Die Pause nutzt sie, um ihre Lieder anzumoderieren – es sind auch neue darunter –, und hat dann die Lacher auf ihrer Seite: „Viele fragen uns, wie es ist, alt zu werden. Super, antworte ich dann, vor allem für Frauen: Kein Stress mit PMS!“ So heißt auch das Stück, das die Band dann zum Besten gibt. Annette Simons schreibt immer noch hervorragende Pop-Lyrics.
Den Iro kämmte er zur Seite
Auf einigen der zahlreichen Schwarzweißfotos im Buch kann man die junge Annette Benjamin in verschiedenen Stilphasen bewundern. Überhaupt belegen die Fotografien eine faszinierende Fashion-Vielfalt. Ziggy XY, erster Sänger von Der Moderne Man, trug auf der Bühne Adidas-Turnschuhe, helle Stoffhose, schwarzes T-Shirt und eine Kassenbrille; Jens Gallmeyer schwarze Balken unter den Augen; die beiden Herren von den 39 Clocks meist Anzug, Hemd und stets dunkle Sonnenbrille; Blitzkrieg-Bassist Bärbel gar Tolle, Koteletten und Schnauzer, Rosa eine Mischung aus Iro und Vokuhila.

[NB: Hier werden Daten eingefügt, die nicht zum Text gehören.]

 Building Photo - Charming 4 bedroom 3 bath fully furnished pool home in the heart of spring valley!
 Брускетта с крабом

Rosa beschreibt in seinem Buchbeitrag (der vor vielen Jahren von taz Nord als Serie unter dem Titel „Wie der Punk nach Hannover kam“ veröffentlicht worden ist und also dem Buch seinen Namen verschafft hat) eine weitere Style-Variante: „Als alternatives Outfit, das ich fake popper nannte, trug ich manchmal einen weiten hellblauen Pullover, den eine Freundin an der Strickmaschine ihrer Mutter gefertigt hatte, dazu zerschlissene Hochwasserkarottenjeans und spitze schwarze Halbschuhe. Den Iro kämmte ich zur Seite. In diesem Outfit lernte ich Studentinnen kennen, es wirkte einfach nicht so abschreckend.“ Rosas Fake-Popper-Stil war mehr Punk als die Lederjacken-Uniform, verfolgte Punk doch eine Ästhetik der Negation.

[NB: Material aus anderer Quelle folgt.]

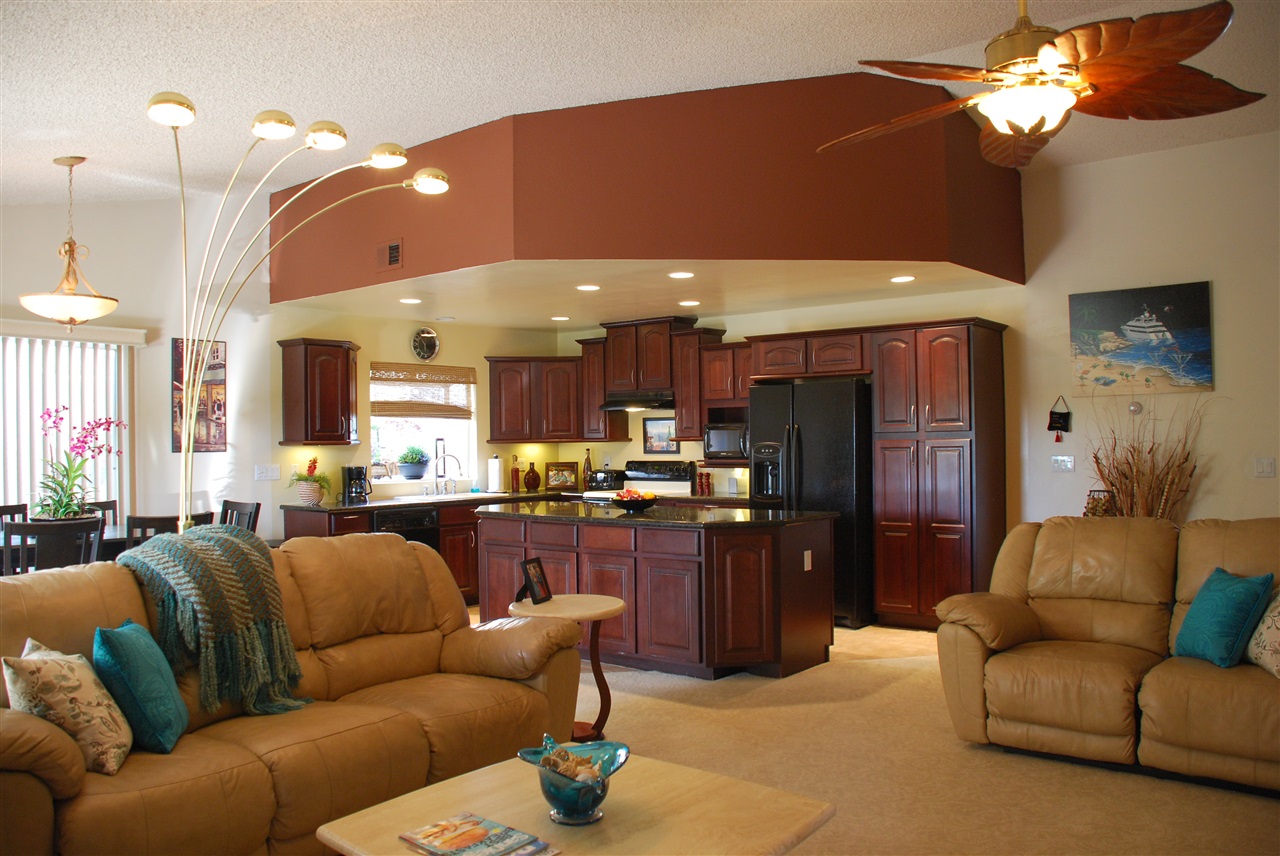 610 Maybritt Cir San Marcos, CA 92069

Als der Untergang Hannovers drohte
Dass das ästhetische Programm von Punk oberflächlich zwar recht schnell von der autonomen Linken übernommen wurde, in deren Praxis aber nicht aufging, zeigt der Buchbeitrag von Karl Nagel, einem der Organisatoren der berüchtigten Hannoveraner Chaos-Tage. Anlass des ersten Chaos-Tags war eine taz-Geschichte. Jürgen Voges berichtete 1982 darüber, dass die Politische Polizei in Hannover den Auftrag bekommen hatte, die Punks der Stadt in einer eigenen Datei zu erfassen. Die antworteten nun darauf, indem sie die Punks der Republik nach Hannover einluden, um sich ebenfalls registrieren zu lassen. Ein guter Witz, der auf Plakaten mit dem drohenden „Untergang Hannovers“ in Verbindung gebracht wurde.

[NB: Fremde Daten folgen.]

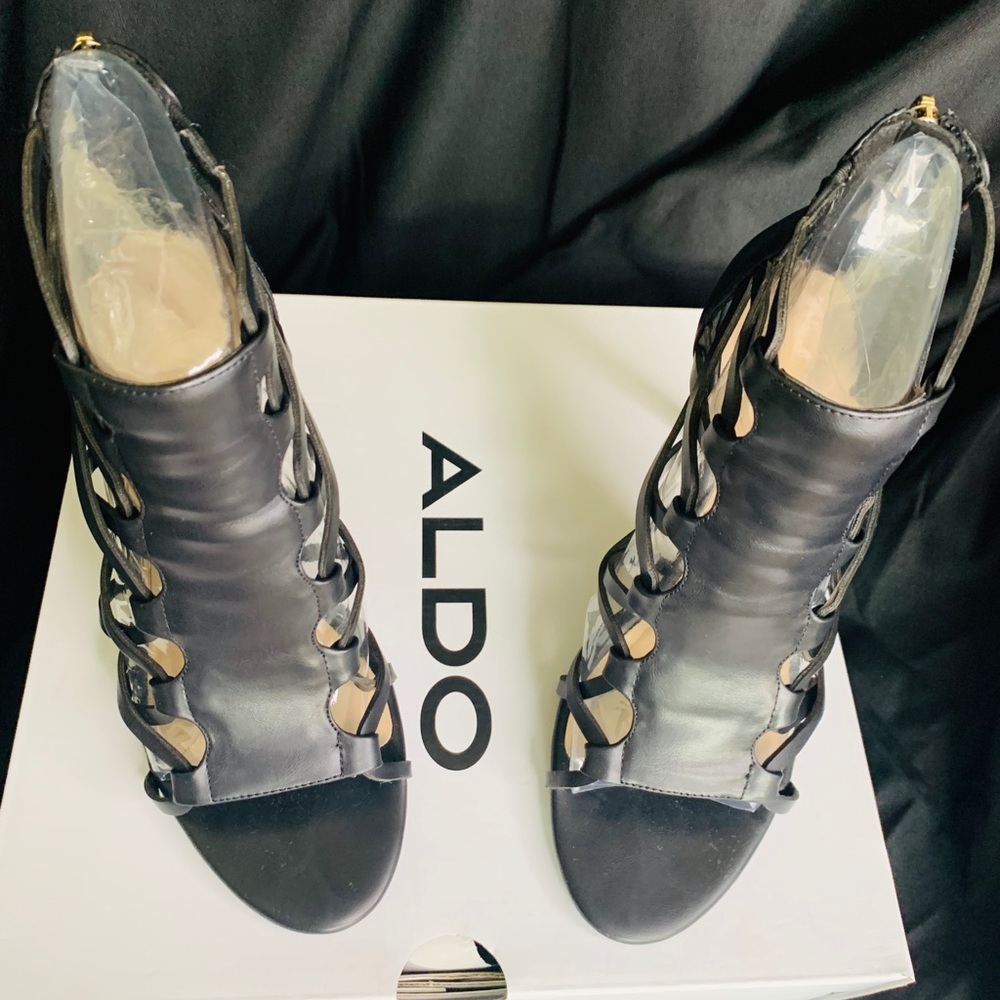 Felilia Black Side-strapped Sandal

Später – sein nun im Buch wieder abgedruckter Text ist schon einige Jahre alt – sinnierte Karl Nagel selbstkritisch über die Ideologisierung von Punk. Er habe selbst „Wesentliches“ zum Untergang von Punk beigetragen, meint Nagel, „kam ich doch selbst in die Szene als gestrandeter Linker, der Punk zunächst als besonders radikalen Ausdruck autonomer Ideen umsetzte. Der Parolen vorexezierte, die dann eifrig nachgeplappert wurden. Der auf Mob, Masse und Konformität setzte, statt auf Individualität und Experiment. Dass dabei wertvolle Fantasie und Originalität unwiederbringlich zerstört wurden – was ‚politisch bewusste Menschen‘ gern als ‚apolitische Grundhaltung‘ bezeichnen – wurde mir erst klar, als es zu spät war.“
Punk in Deutschland war keine politische Bewegung, aber zeigte klare Haltung, indem er nein zu einer autoritären Gesellschaft sagte, in der noch viel Nazi-Ideologie steckte. Er lehnte Normierungszwänge ab und wandte sich radikal gegen die Verschiebung von Wunsch und Begehren in eine bessere Zukunft, zumal Letztere nicht zu erwarten war. Punk lebte und lebt im Hier und Jetzt.